_PROVIDED RECORDS:_
○ ○ ○ ○ ○

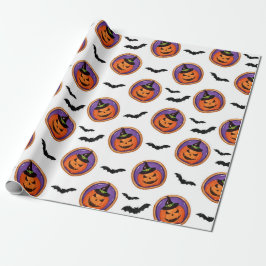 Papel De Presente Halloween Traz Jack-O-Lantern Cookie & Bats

○ ○ ○ ○ ○

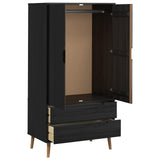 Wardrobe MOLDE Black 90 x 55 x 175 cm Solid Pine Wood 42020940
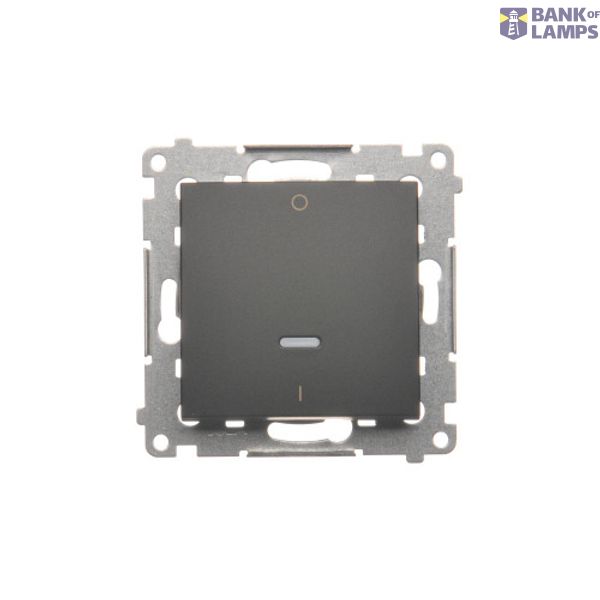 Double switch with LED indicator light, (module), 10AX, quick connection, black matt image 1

○ ○ ○ ○ ○

_TASK STATEMENT:_
Give back the exact lines above, running from the one that has "Wardrobe MOLDE Black" through the one that has "Double switch with", with nothing added and no pictures.

_OUTPUT OF THE EXERCISE:_
 Wardrobe MOLDE Black 90 x 55 x 175 cm Solid Pine Wood 42020940
 Double switch with LED indicator light, (module), 10AX, quick connection, black matt image 1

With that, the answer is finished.